[Crawled caption data]
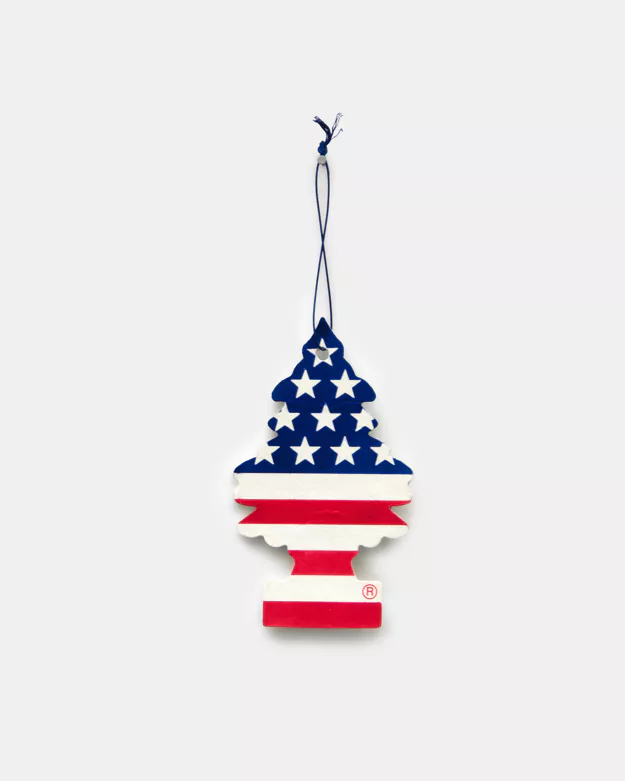 A cast bronze air freshener painted with the american flag by Mitchell Charbonneau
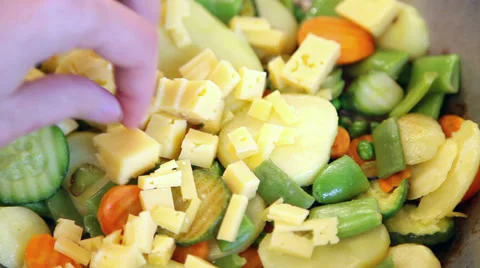 Placing cheese over vegetables Stock Footage 37528243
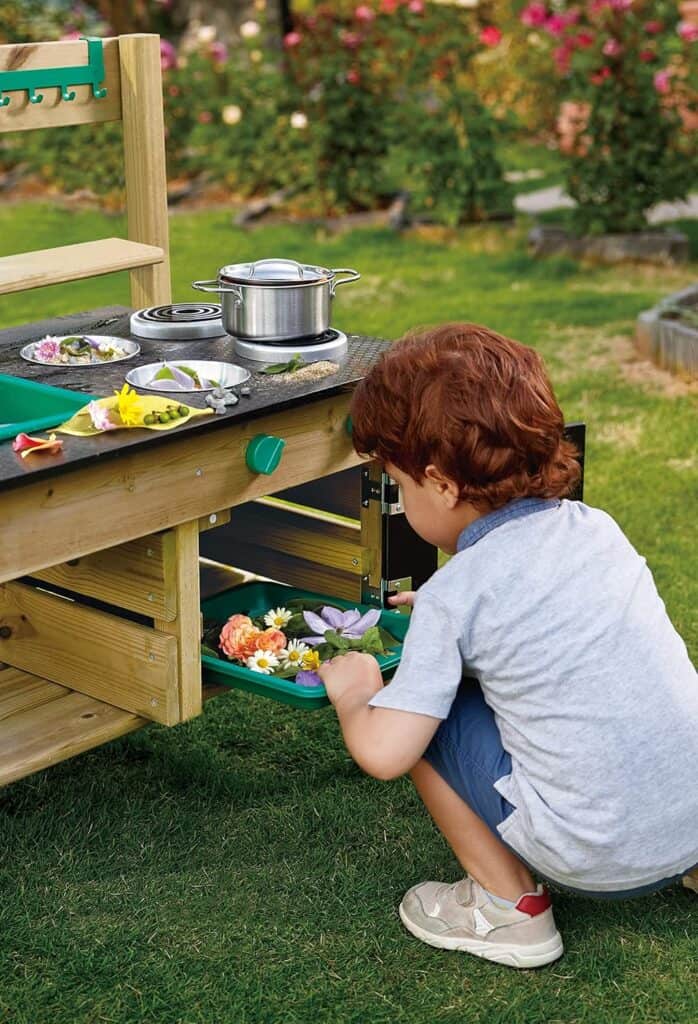 Child plays with outdoor mud kitchen flowers.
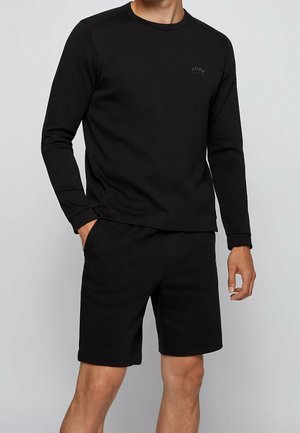 Mand iført en ensfarvet sort langærmet trøje og sorte shorts, stående med den ene hånd i lommen mod en lysegrå baggrund.
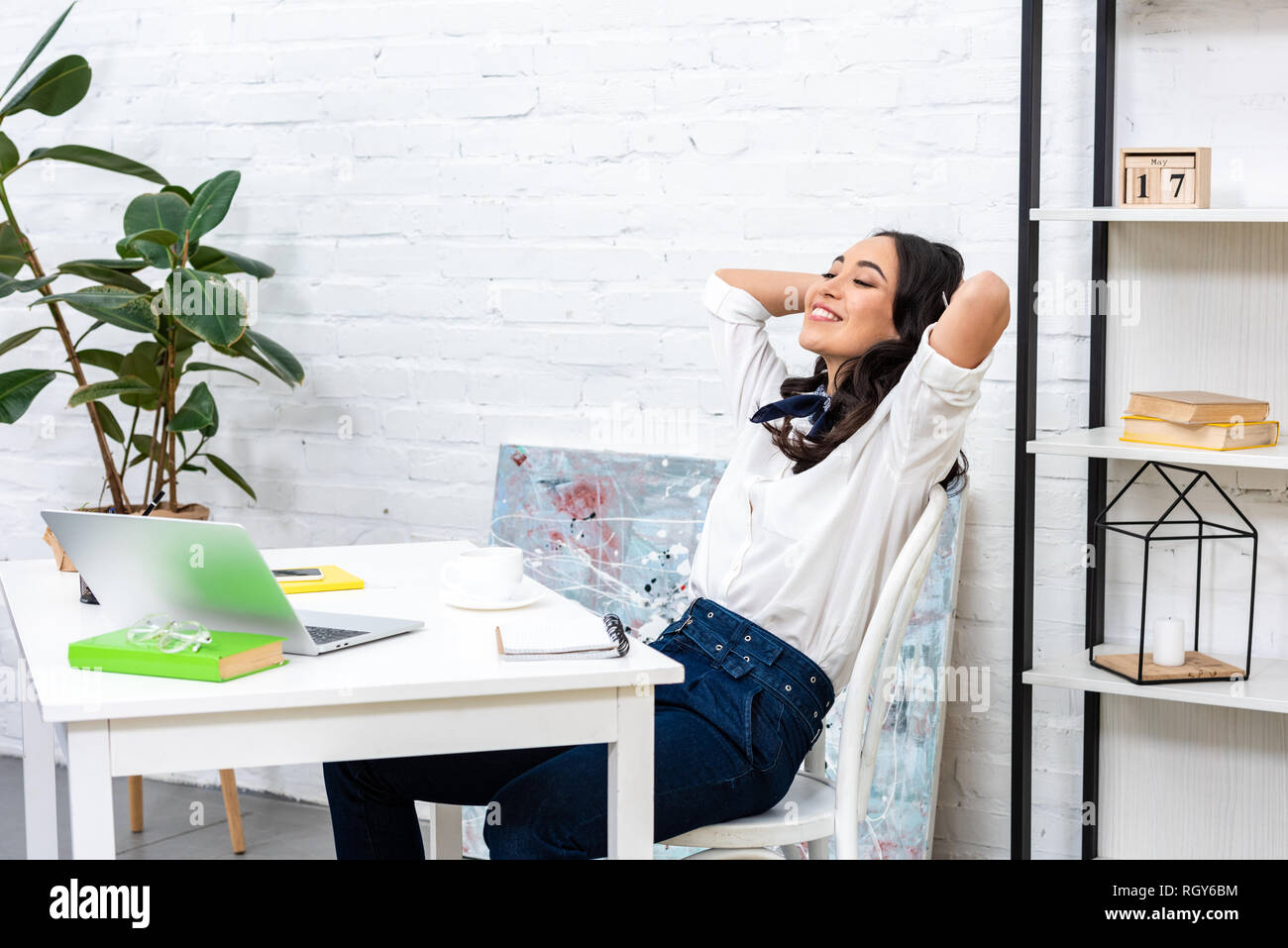 Leaning back on chair hires stock photography and images Alamy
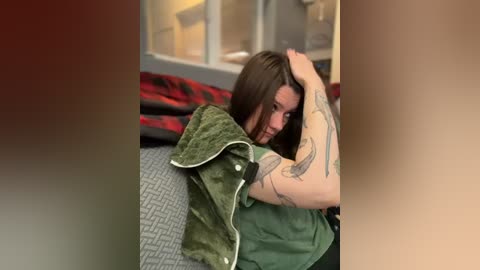A video of a woman with long brown hair, wearing a green shirt, lying on a bed with a green jacket and patterned blanket. She has tattoos on her arm. The background shows a window and beige walls.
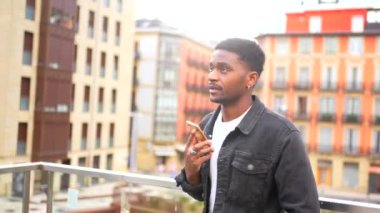 Afrikalı gülümseyen genç adam şehirde ayakta duran akıllı telefonu kullanarak bir mesaj gönderiyor.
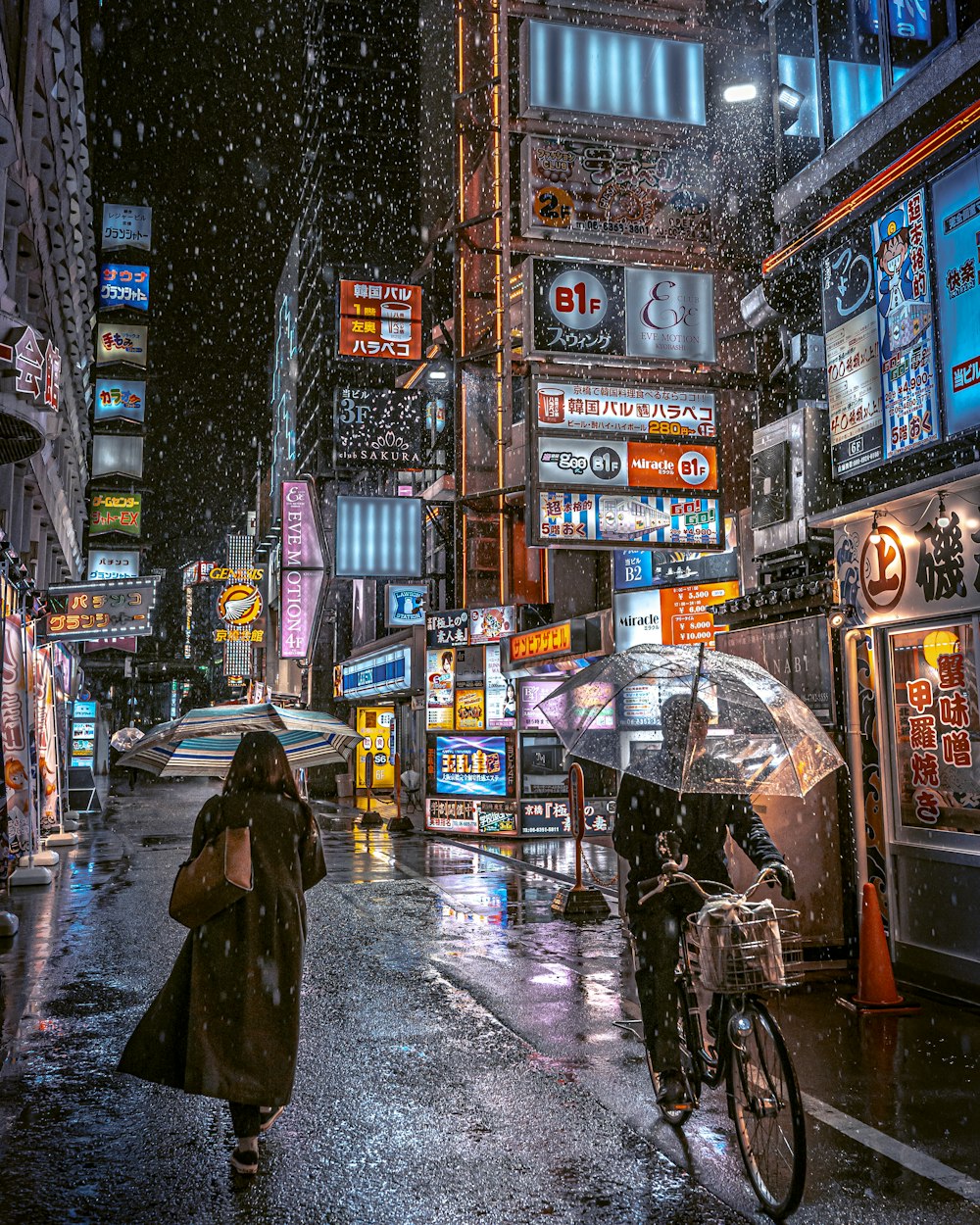 a woman walking down a street holding an umbrella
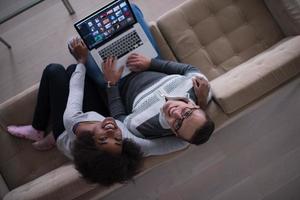 happy multiethnic couple relaxes in the living room photo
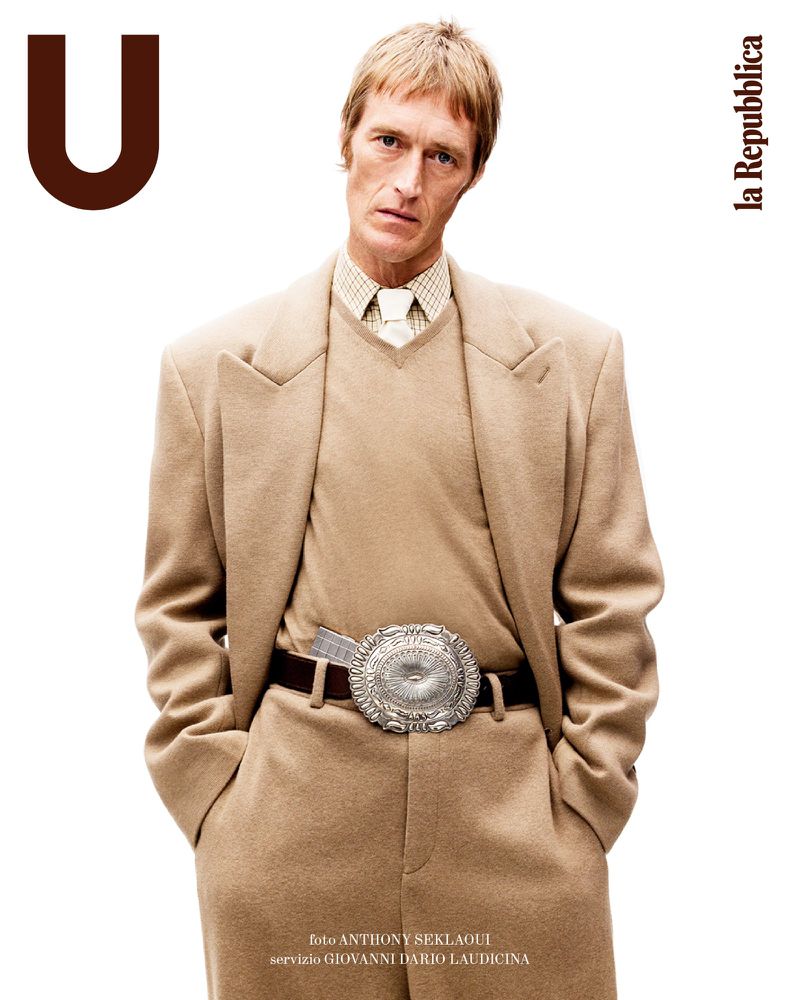 Editorial fashion shot of a blonde adult male model wearing a tan suit and silver belt buckle against a white backdrop for la Repubblica.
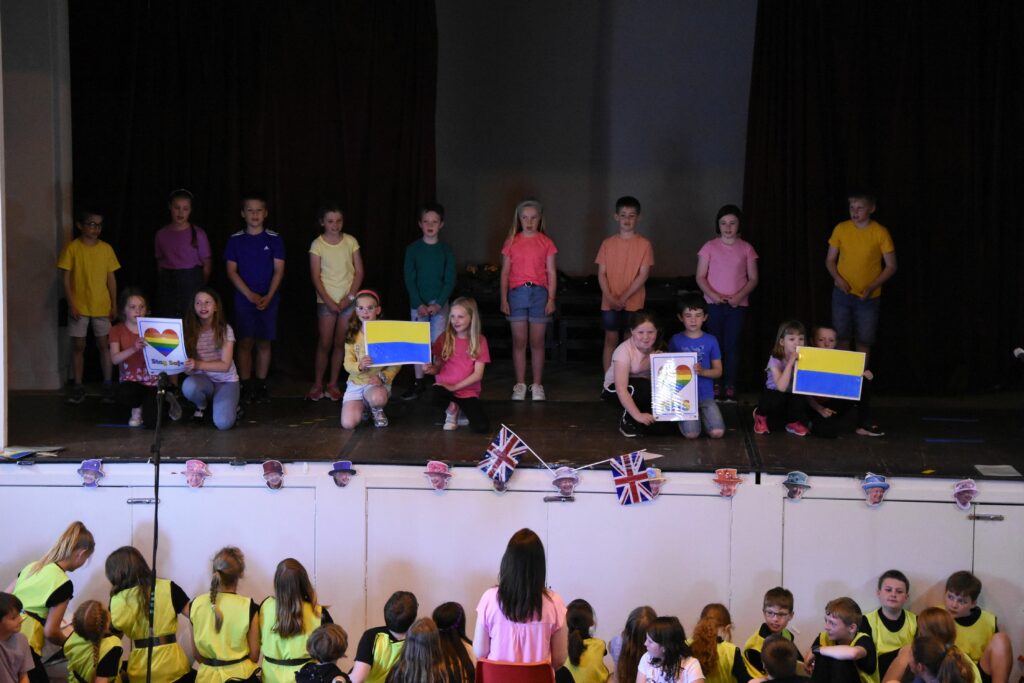 Pupils define the 2020s decade so far, showing their support for Ukraine, NHS, and staying safe during the pandemic.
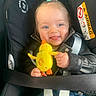 baby, child, car_seat, toy, duck, blue_bow, leather_jacket, smiling, tongue_out, cute, infant, seatbelt, clothing, person, indoor, closeup, happy, playful, hair_tie, young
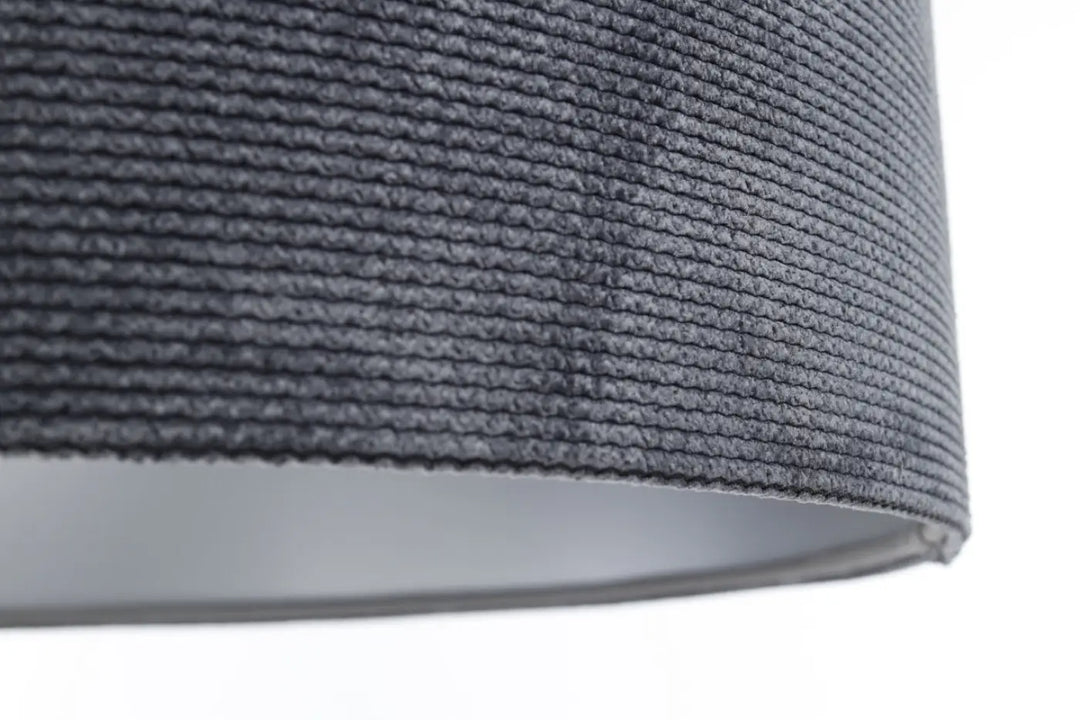 Suspension luminaire glamour structural velour en tissu graphite avec abat-jour texturé au-dessus d’une table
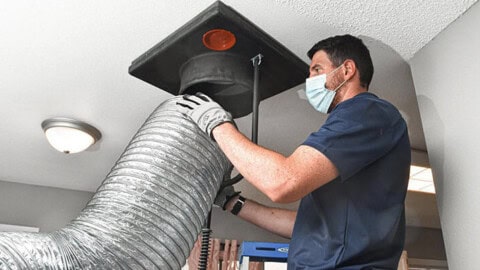 A man wearing a face mask and gloves is cleaning an air duct in a ceiling with a large flexible hose and specialized equipment in a home interior.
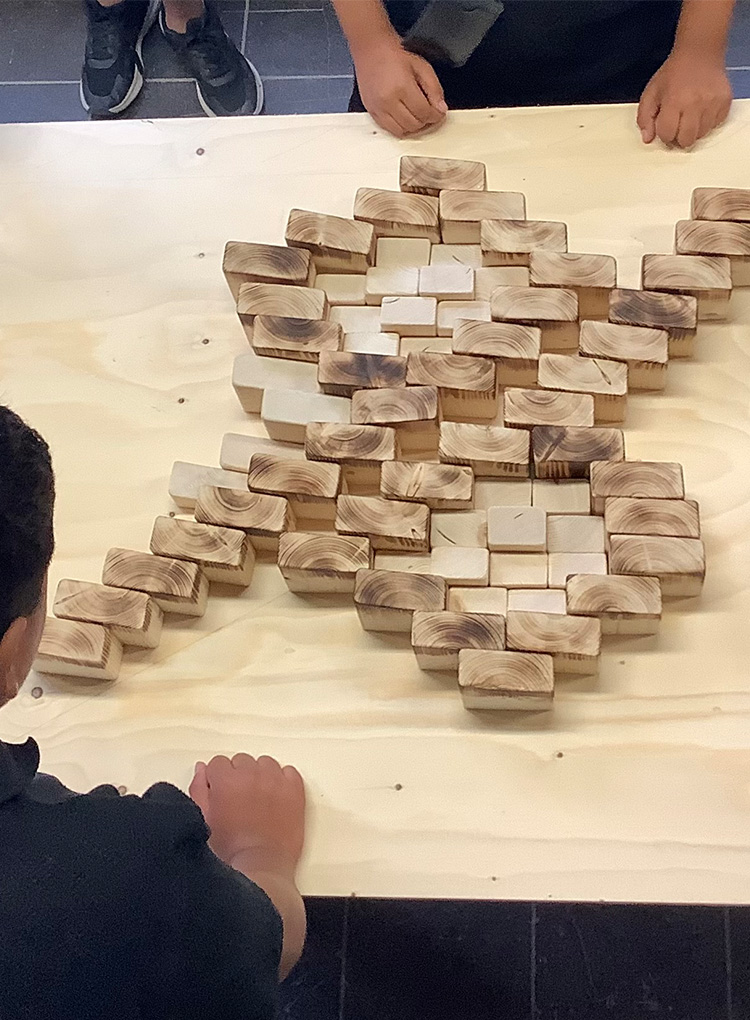 Mehrere Kinder stehen um einen hellen Tisch und legen kleine, rechteckige Holzklötze dicht nebeneinander. Die unterschiedlich gefärbten Holzstücke bilden das Wappen von Hannover 96.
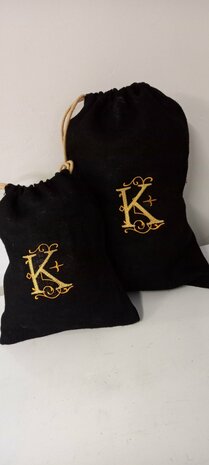 jute zak met gouden sierletter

### [Exercise brief]
Every entry above should be returned exactly, with no images included.

### [Completed task]
 A cast bronze air freshener painted with the american flag by Mitchell Charbonneau
 Placing cheese over vegetables Stock Footage 37528243
 Child plays with outdoor mud kitchen flowers.
 Mand iført en ensfarvet sort langærmet trøje og sorte shorts, stående med den ene hånd i lommen mod en lysegrå baggrund.
 Leaning back on chair hires stock photography and images Alamy
A video of a woman with long brown hair, wearing a green shirt, lying on a bed with a green jacket and patterned blanket. She has tattoos on her arm. The background shows a window and beige walls.
 Afrikalı gülümseyen genç adam şehirde ayakta duran akıllı telefonu kullanarak bir mesaj gönderiyor.
 a woman walking down a street holding an umbrella
 happy multiethnic couple relaxes in the living room photo
 Editorial fashion shot of a blonde adult male model wearing a tan suit and silver belt buckle against a white backdrop for la Repubblica.
 Pupils define the 2020s decade so far, showing their support for Ukraine, NHS, and staying safe during the pandemic.
 baby, child, car_seat, toy, duck, blue_bow, leather_jacket, smiling, tongue_out, cute, infant, seatbelt, clothing, person, indoor, closeup, happy, playful, hair_tie, young
 Suspension luminaire glamour structural velour en tissu graphite avec abat-jour texturé au-dessus d’une table
 A man wearing a face mask and gloves is cleaning an air duct in a ceiling with a large flexible hose and specialized equipment in a home interior.
 Mehrere Kinder stehen um einen hellen Tisch und legen kleine, rechteckige Holzklötze dicht nebeneinander. Die unterschiedlich gefärbten Holzstücke bilden das Wappen von Hannover 96.
 jute zak met gouden sierletter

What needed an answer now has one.